Now satisfied with my tamed hair, she petted my face and let her thumb linger on the many umber moles scattered across my cheeks. I giggled as she counted each one and reminded her, as was our morning ritual, that it was time for her to pet my back. It was one of my most favorite interactions with her because her hands were the softest in the entire world, and she took time and care while she rubbed my back. I lifted my night shirt, an oversized Bird Watching Society shirt of my grandfather’s, and her downy hands travelled up and down my back. They rivaled a swan’s raiment in softness and purity, for they were velvety smooth and only ever outstretched in peace and love. We would take turns petting each other’s backs, though I doubt my little hands, normally cold or slightly clammy, could compare to the velvety warmth of her slim hands. I awkwardly swayed my hand back and forth over the back of her cotton pajama top. After a solid thirty seconds, my tiny arms were tired, so it was back to her turn. I relished the fact that she put her hands on my cool back. The tactile contact was immensely valuable and comforting to me when all else in life seemed confusing, uncertain and scary. In these moments, I felt safe and comforted by the tenderness she showed me. If we could have stayed like that all day, I wouldn’t have minded.

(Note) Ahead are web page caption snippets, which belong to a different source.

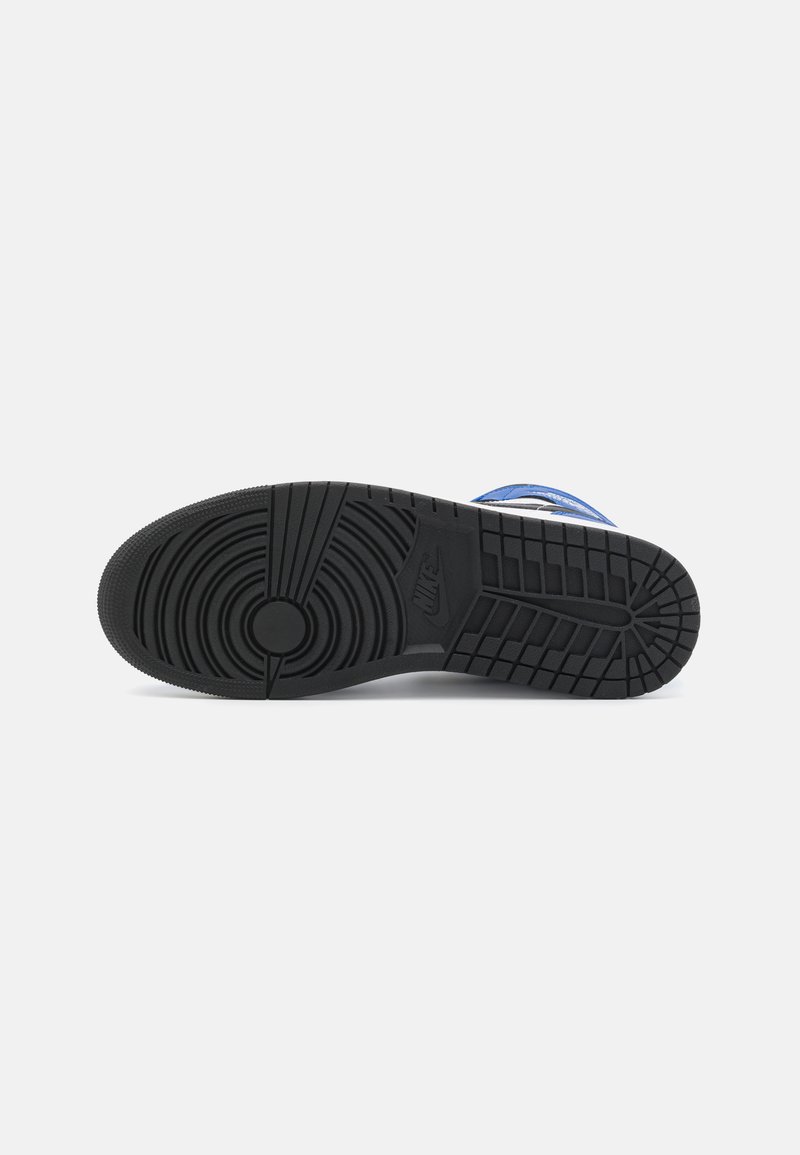 Schwarze Gummisohle mit kreisförmigen Profilmustern und Rillen, mit einem erhabenen Nike-Logo. Der Rahmen zeigt blaue und weiße Akzente.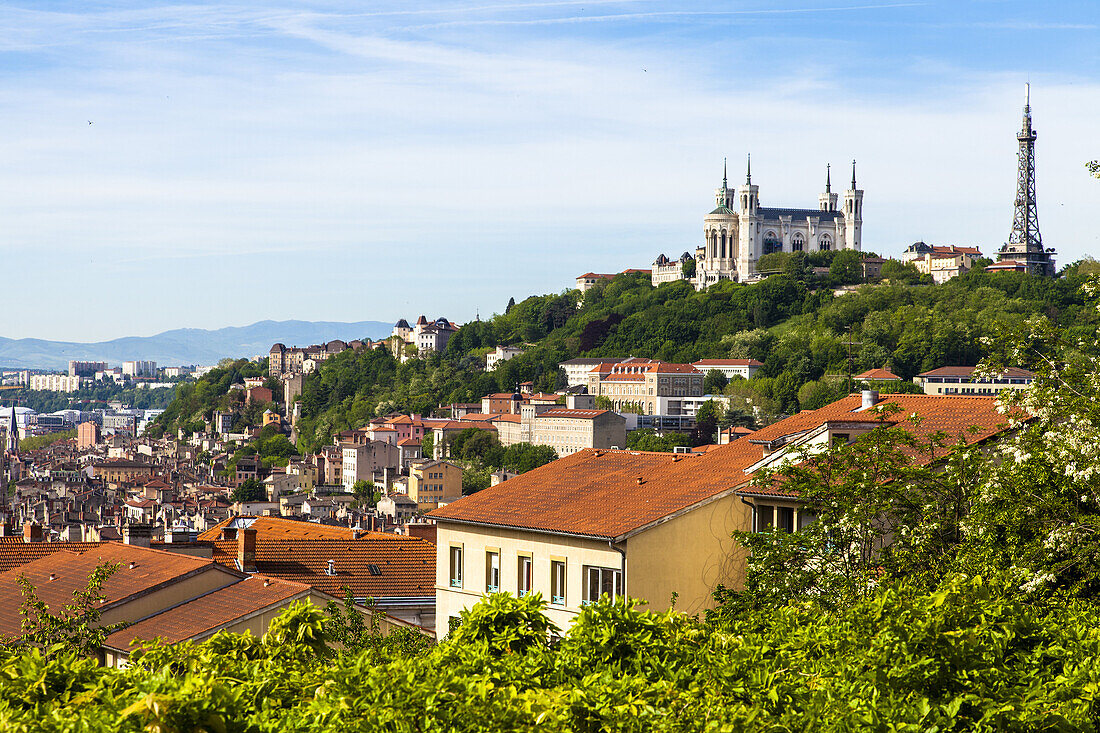 Metallic tower and Basilica of Notre-Dame on the Fourvière Hill, historic district of Vieux, UNESCO World Heritage, Lyon, France, Europe.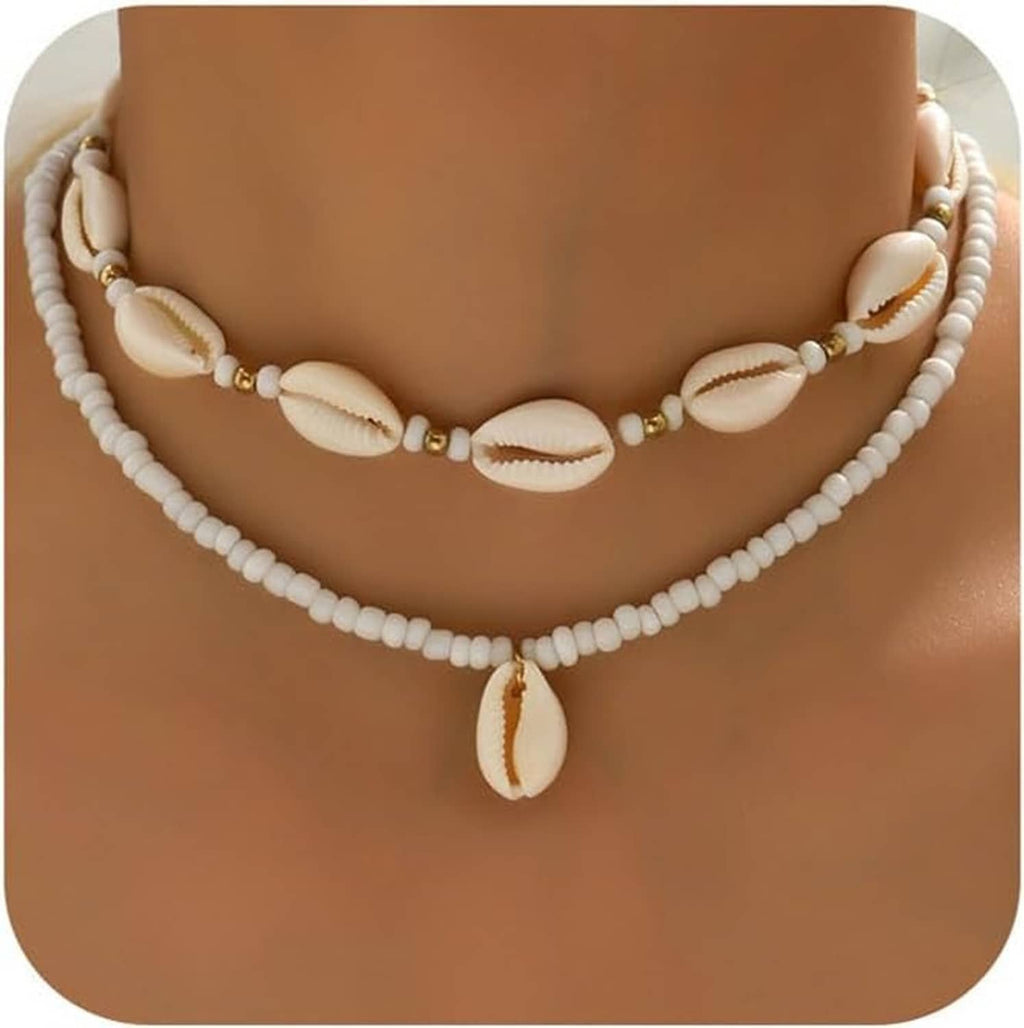 Handmade sea shell necklace featuring white bead strands, cowrie shells, and gold-tone accents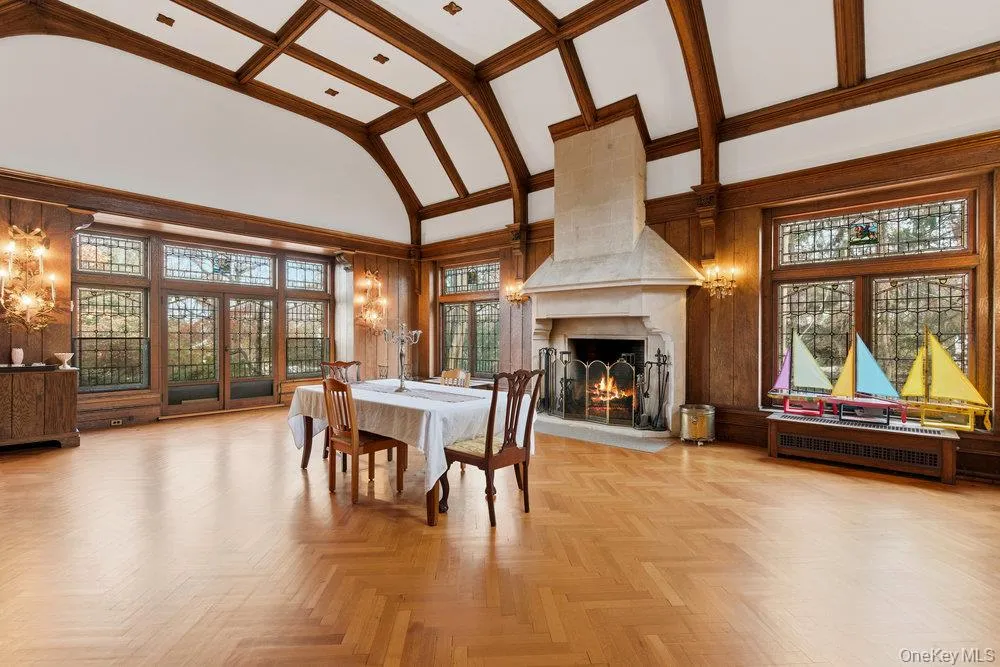 Banquet sized Dining room with high vaulted beamed ceilings, leaded glass windows with stained glass accents, original herringbone oak floors Banquet sized Dining room with high vaulted beamed ceilings, leaded glass windows with stained glass accents, original herringbone oak floors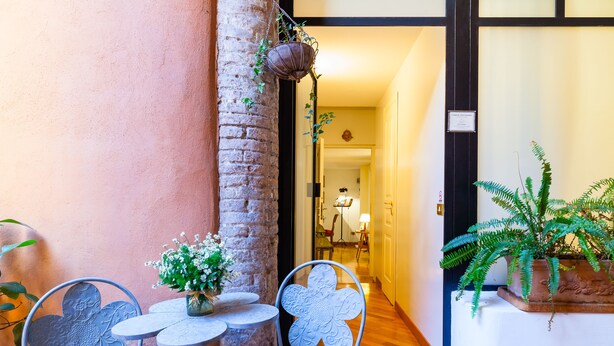 A cozy outdoor seating area with metal chairs and tables, a brick pillar, and potted plants. -  Rome center Campo de Fiori great reviews within walking distance to everything! (Roma)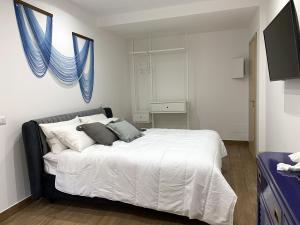 Un dormitorio con una gran cama blanca con cortinas azules. en ComfortHouse Ladispoli, en Ladispoli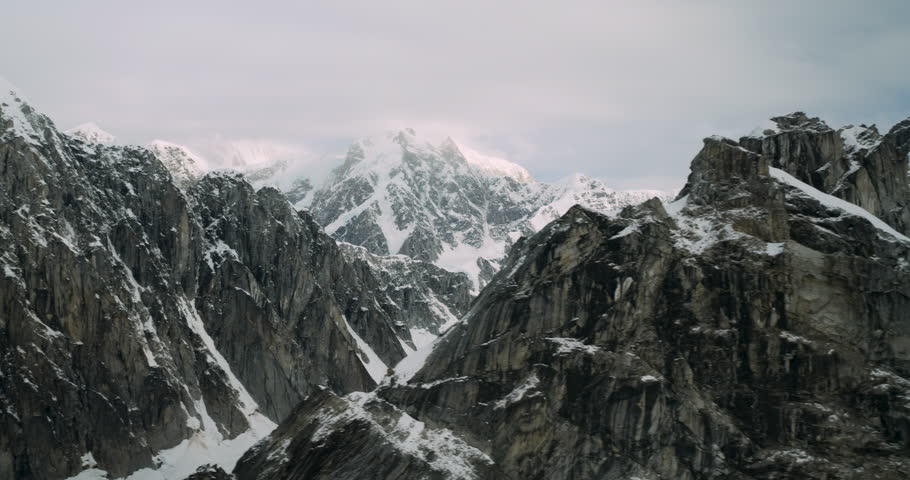 Flying along snowy mountains in small plane along Denali National Park, Alaska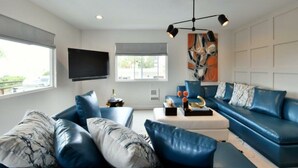 Un salon moderne avec un canapé d’angle, une table basse et un téléviseur à écran plat fixé au mur.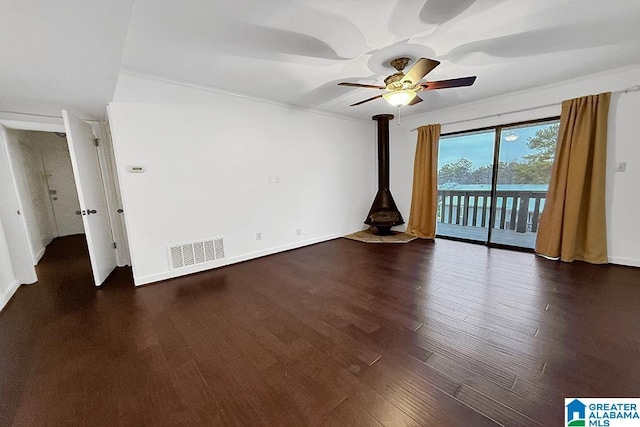 unfurnished living room featuring visible vents, baseboards, a ceiling fan, dark wood-style floors, and crown molding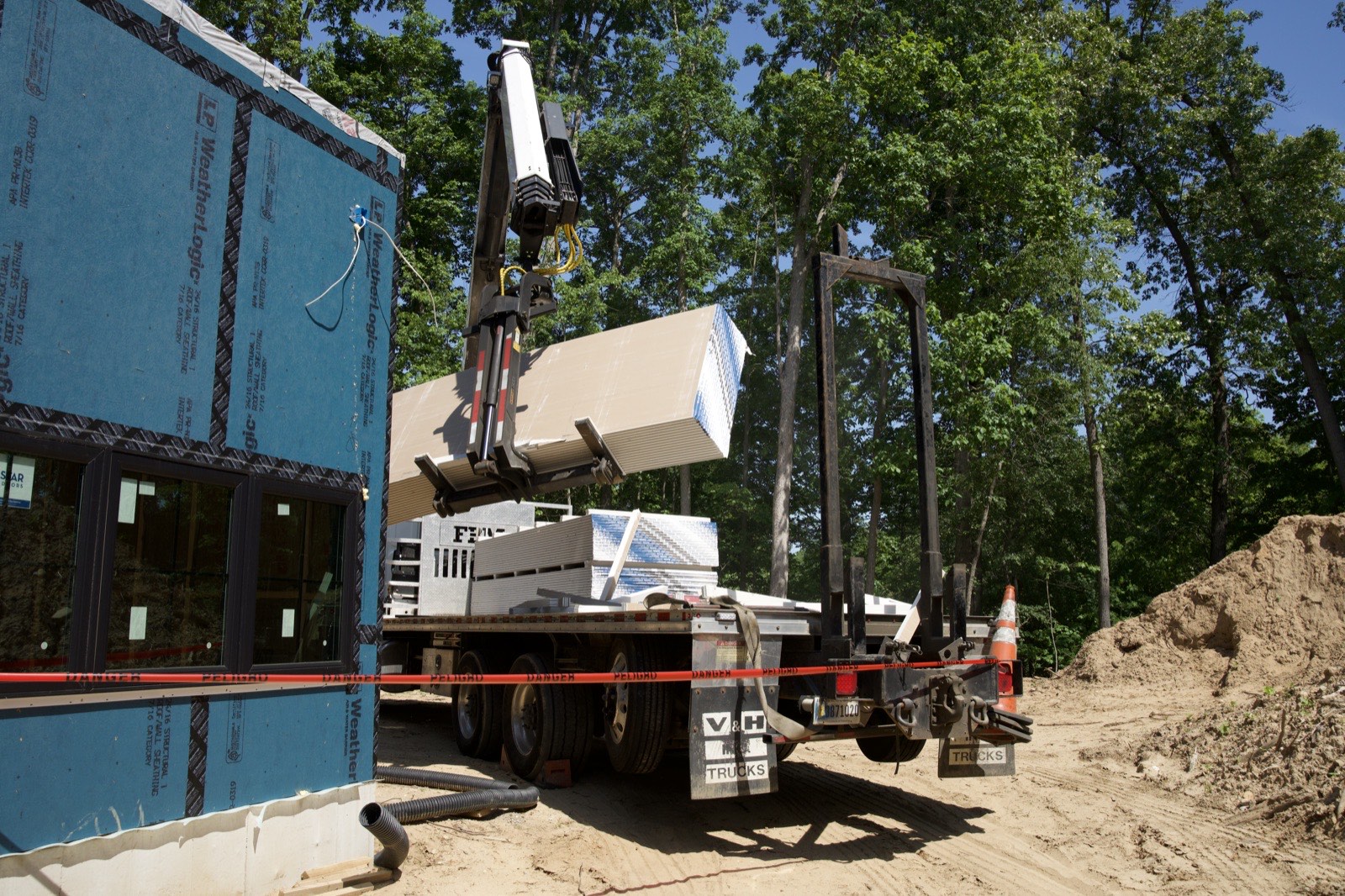 Boom crane lifting a bundle of drywall to a new home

When our arms were fully tired and the cooing doves were gone, our morning ritual was over. She pulled me into her arms, kissed my head with satiny lips, and ushered me out of bed to get changed for breakfast. I had little concept that anything existed outside of the days I spent with her.

Thirteen years later, she was lying in that same antique sleigh bed, though our roles were much changed. Her angelic face now revealed more velveteen crinkles of a life well lived, though her brow was furrowed in confusion.

“I’m scared. Please don’t leave,” she said, her voice cracking as she held back tears. She was now unable to walk and her nurse had to use a lift to take her from the living room of her little apartment to her bed. She was afraid that the lift would drop her, though her tall slim frame had shrunken to a waifish build that could hardly be cumbersome to anything.

“You don’t have to be scared, Meme. You’re safe in your bed and I’m here. I won’t leave you,” I said, though my voice cracked.

“Can you pet my arm, Rosalyn? It makes me feel better when I’m scared.”

“Of course,” I said softly as I smoothed my hand across her forearm. Her skin was still downy soft but creased like thin satin crepe. I hoped I was able to comfort her, but I wasn’t convinced that I was much help.

“When I was a little girl, my daddy used to pet my arm before I went to sleep at night. It helped me to feel better and not be so afraid,” she confided. Her large brown eyes, rimmed with tears, left mine as she focused on the window. I looked away to contain my emotions. I had to be strong. “Thank you,” she said, looking back at me as a delicate tear slipped down the crease at the corner of her eye.

I smiled back, unable to properly form my thoughts into a coherent statement. I wanted to tell her how little it was in comparison to how much she had done for me and meant to me, but my mouth was dry. I simply said, “I love you.”

Later that month, I would find myself kneeling at her bedside rather than sitting on its edge, watching family members come and go from behind her hands, now cold and laced together with a rosary. They would stay for point five seconds, cry a bit, tell my mother and aunt how wonderful my Meme was, and walk out, hardly looking at her. I couldn’t bear to look at them either. I couldn’t understand why they wouldn’t fully acknowledge her. I didn’t care if breath no longer stirred her chest, she was still there.

Doves sang outside the window, our constant companions. I leaned my head against her smooth arm and wept. “Don’t be afraid,” I whispered to her through my tears. “I won’t leave you.” I gently smoothed my hand back and forth along her gossamer forearm. I could feel the warmth leaving it little by little. With the other hand, I traced my finger along the sheets beneath her arm. I could see blotches of faded color and green ribbons through my tears. As my eyes cleared, my finger traced a swirling green ribbon by her elbow. It read “Queen Anne’s Lace”.